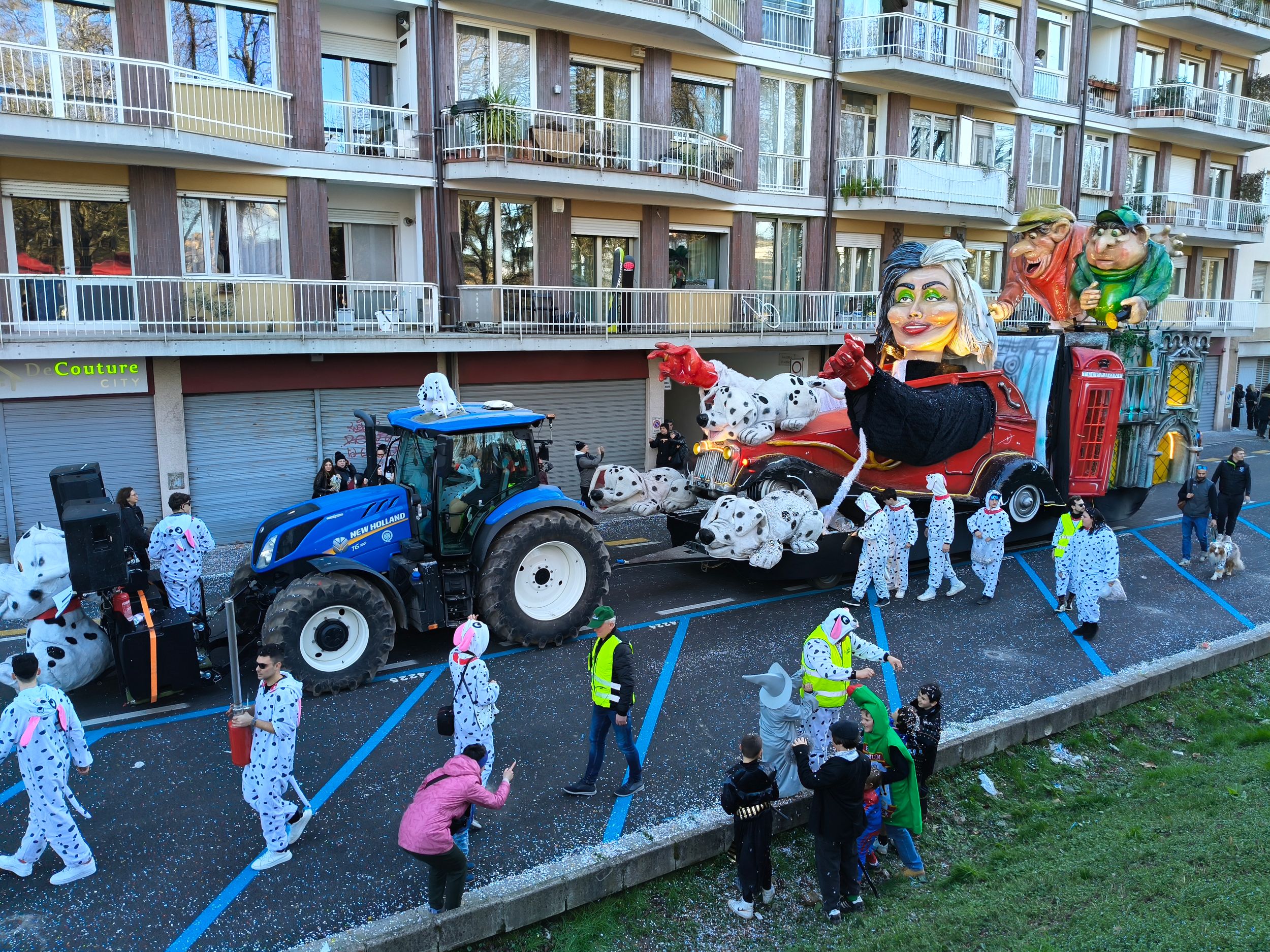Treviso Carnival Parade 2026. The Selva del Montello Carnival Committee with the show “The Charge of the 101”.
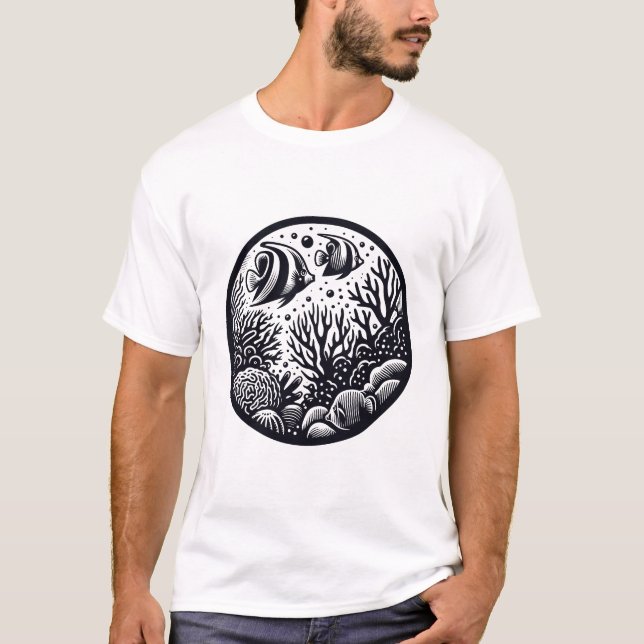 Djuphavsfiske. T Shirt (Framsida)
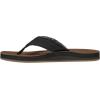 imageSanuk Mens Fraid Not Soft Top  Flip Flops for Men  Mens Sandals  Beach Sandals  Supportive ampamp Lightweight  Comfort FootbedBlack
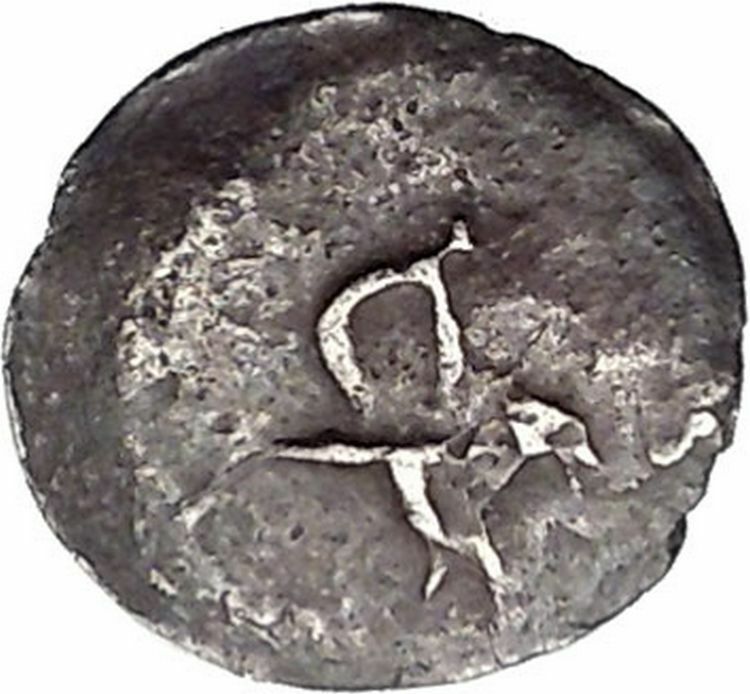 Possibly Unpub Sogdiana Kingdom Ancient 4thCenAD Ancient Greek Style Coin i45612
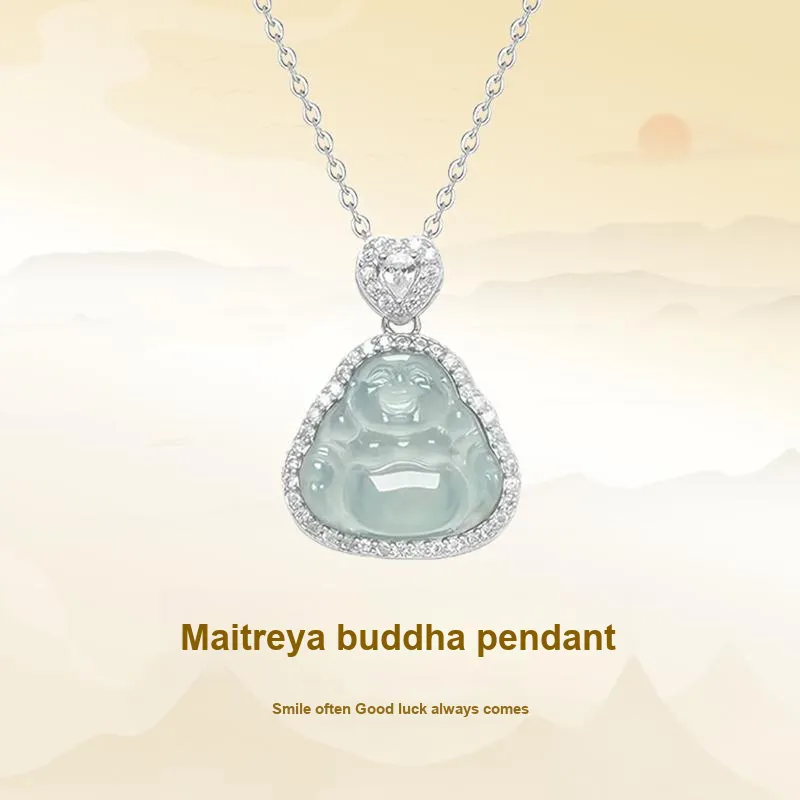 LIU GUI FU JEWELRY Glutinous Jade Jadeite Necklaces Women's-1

════════

Please write out the lines from the one that holds "Djuphavsfiske. T Shirt (Framsida)" through the end of the material, both ends included, exactly and with no pictures.

EXPECTED ANSWER.
 Djuphavsfiske. T Shirt (Framsida)
 imageSanuk Mens Fraid Not Soft Top  Flip Flops for Men  Mens Sandals  Beach Sandals  Supportive ampamp Lightweight  Comfort FootbedBlack
 Possibly Unpub Sogdiana Kingdom Ancient 4thCenAD Ancient Greek Style Coin i45612
 LIU GUI FU JEWELRY Glutinous Jade Jadeite Necklaces Women's-1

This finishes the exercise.